From lamb to ham, the spring season sees a series of ‘Holydays‘ from different religious traditions. And where’s there’s ritual, there’s a feast.  Food is symbolic and plays an important role, be it fasting or feasting, in religious occasions. For the vegetarian/vegan at the table there are a number of adaptations that can be made so that they feel welcome and are well-fed. This week’s Meatless Monday is simply a series of tips and ideas for ‘Holyday’ foods.

Passover is a week-long holiday during spring that recognizes the Exodus of the Israelites from Egypt. The main meal of Seder is eaten on the first night to mark the beginning of this Holyday week. The traditional foods served which are naturally vegetarian/vegan are:

  • Karpas – A green vegetable (usually parsley or celery) dipped in salt water and eaten to represent tears shed by the Jewish slaves. Idea: A starter salad with parsley and celery in a vinaigrette (olive oil and lemon juice from the Holy Lands perhaps?) and lightly salted with Maldon flakes.
  • Matzah – An unleavened flat bread to represent the haste with which the Jewish people fled (no time for the dough to rise). Idea: Matzah ball soup.
  • Maror –  Bitter herbs (typically horseradish and sometimes romaine lettuce) to represent the bitterness of slavery. Idea: A nice dandelion green salad with romaine lettuce is cleansing and can act as a stand-in for ‘bitterness’. See also Beitzah for a horseradish suggestion.
  • Charoset– This mixture of nuts, cinnamon, apple and honey represents the mortar used by the Jewish slaves to construct buildings in Egypt. Idea: A dessert crumble using nuts and apples as the base and an oat streusel topping. Drizzle with honey and serve with chocolate ice cream.
  • Beitzah – Hard-boiled eggs. Idea: Deviled eggs with a little horseradish.
  • Wine – Check for vegan options. Idea: Grape juice or wine punch.

The non-vegetarian/vegan items include brisket and a shank of lamb.
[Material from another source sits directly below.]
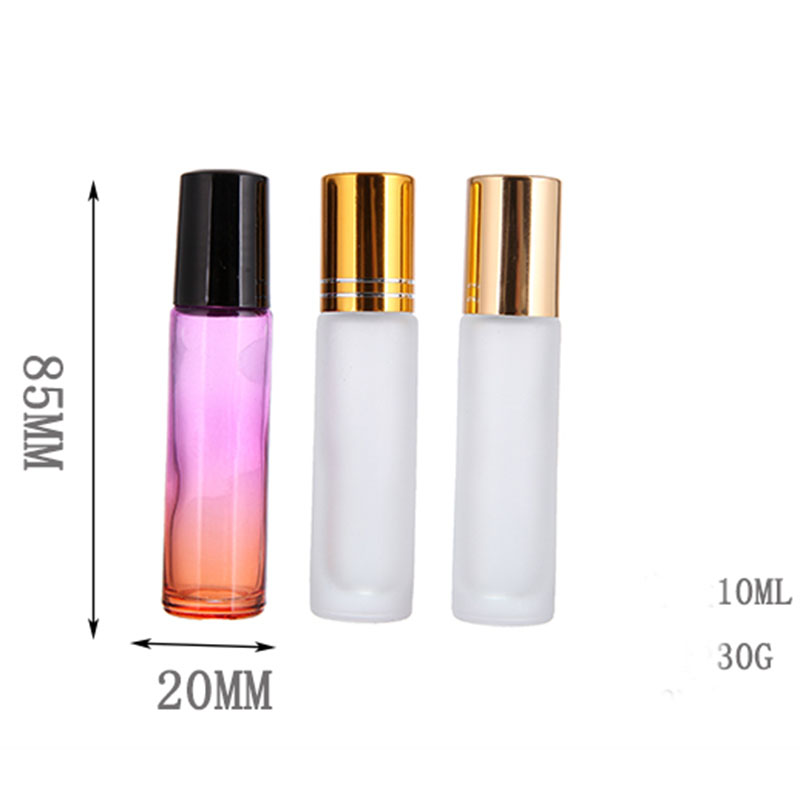 Avertan xuzhou 10ml 15ml 30ml plastic Stainless steel roller ball blue clear amber glass perfume roll on bottle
To recognize the significance of the lamb (‘sacrifice’) here are our tips:
*Sacrifice tradition by not including it at all.
*Have a lamb sculpture as a centrepiece.
*Donate to an animal charity.

The food is typically laid out in a certain order on the plate. Idea: Go modern cuisine and have a tasting menu of a vegetarianized Seder meal.

For more information, consult Judaism 101.

  • The origin of the word holiday refers to ‘religious festival
  • Seder is Hebrew for ‘order’

And what of the Easter ham? I found details about the origins of the Easter ham to be inconclusive as to its significance at this time of year. But  for Meatless Monday, who cares that there’s no ham!? For those wanting to give a nod to this dish you will find that most recipes include a sweet component (brown sugar glaze or pineapple) to go with the salt of the ham. To mimic the flavours here is our idea: Place cubes of tofu in a brown sugar, grapeseed/olive oil and coconut vinegar marinade. Leave for 24 hours. Combine with pineapple chunks, olives and green peppers and place on flat bread (Unleavened is a nice choice; Like the pairing of certain foods, some traditions go well together.) Use the remainder of the marinade as a sauce for your Easter pizza.

Holyday‘ feasts come about through events, history and often religion. It is the significance behind these traditions that are key.  Whether you vegetarianize/veganize the traditional or create your own any ‘Holyday’ can be made Meatless.